DATA RECORDS:

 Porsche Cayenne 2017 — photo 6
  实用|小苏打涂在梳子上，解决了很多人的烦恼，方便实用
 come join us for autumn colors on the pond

...

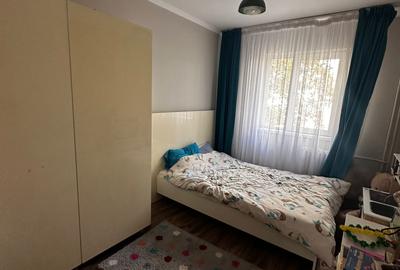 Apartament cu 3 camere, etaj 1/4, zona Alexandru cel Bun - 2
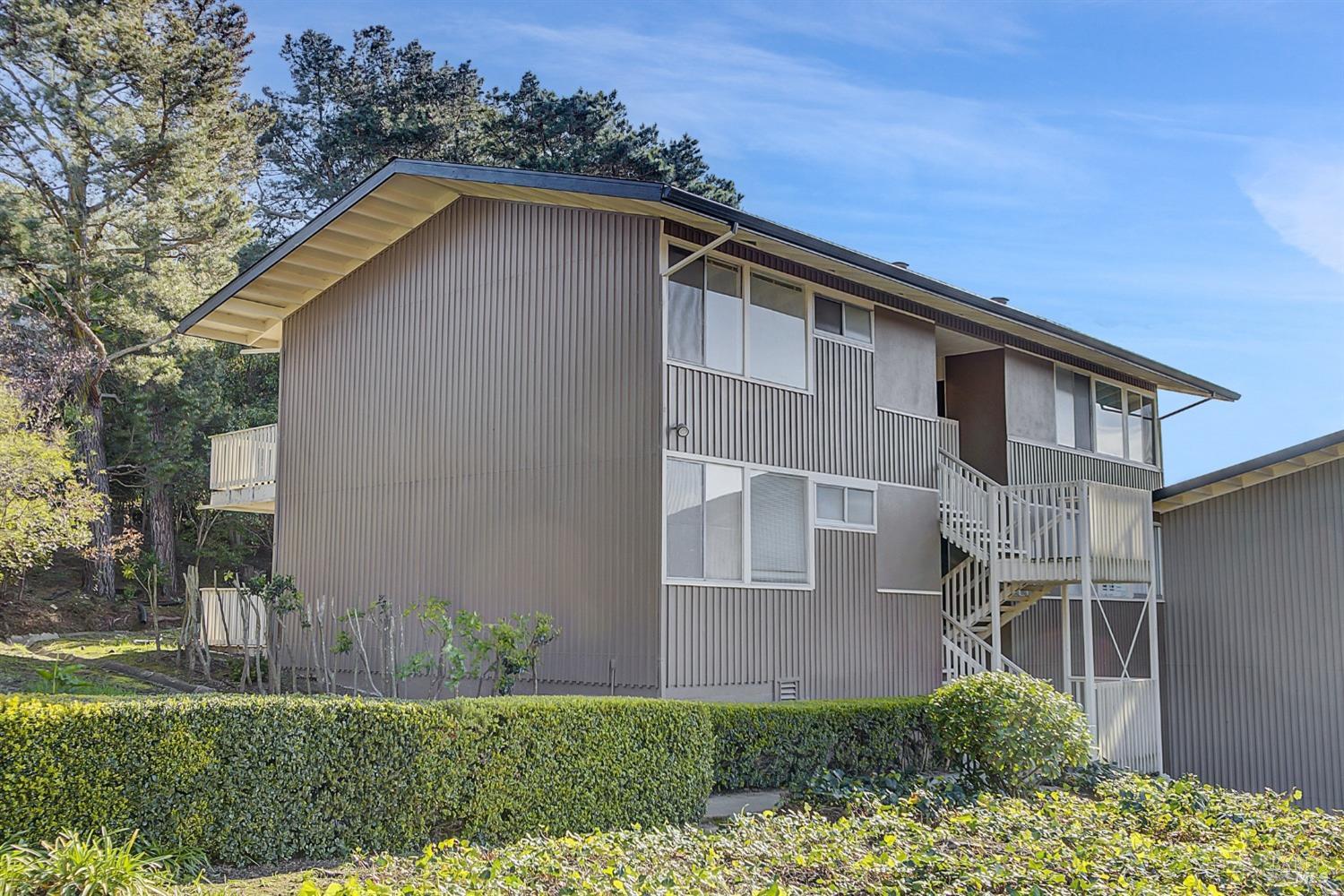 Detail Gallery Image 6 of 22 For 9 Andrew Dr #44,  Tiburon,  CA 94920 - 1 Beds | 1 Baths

PROBLEM DETAILS:
In the listing above, find the line with "Apartament cu 3" and the line with "Detail Gallery Image". Transcribe those two and everything between, exactly, leaving out pictures.

TASK RESPONSE:
 Apartament cu 3 camere, etaj 1/4, zona Alexandru cel Bun - 2
 Detail Gallery Image 6 of 22 For 9 Andrew Dr #44,  Tiburon,  CA 94920 - 1 Beds | 1 Baths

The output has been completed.